Every Christmas eve my wife fixes a very nice and elaborate dinner for relatives and other local friends. Tonight is a particularly meaningful reason to celebrate. It was 100 years ago tonight that the governments engaged in that slaughter known as World War I decided to have a brief cease-fire, a decision that modern neocons would doubtless condemn as being “soft on terrorism.” During the cease-fire, French, German, and British soldiers emerged from their trenches to speak with one another, exchange small gifts, sing Christmas music, erect a small Christmas tree, and play a soccer game. The events were chronicled in that wonderful film, Joyeaux Noel. As today’s LRC entry illustrates, the British grocery chain, Sainsbury’s, has summarized this into its Christmas commercial (at times like this, I wish this grocery chain had outlets here in Southern California)!

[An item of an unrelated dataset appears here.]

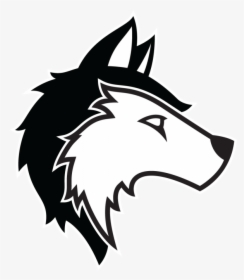 Siberian Husky Gray Wolf Logo Clip Art - Wolf Logo Transparent Background, HD Png Download, Free Download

This real-world occurrence, one century ago tonight, terrified the establishment’s war machine. Soldiers who had been assigned to regions where this brief period of sanity and decency took place, were reassigned to other battlefields, lest the virus of peace should break out amongst warriors. The corporate-state abattoir might have been forced into political as well as moral bankruptcy, giving rise to the later Vietnam War-era bumper-sticker: “what if they gave a war and nobody came?”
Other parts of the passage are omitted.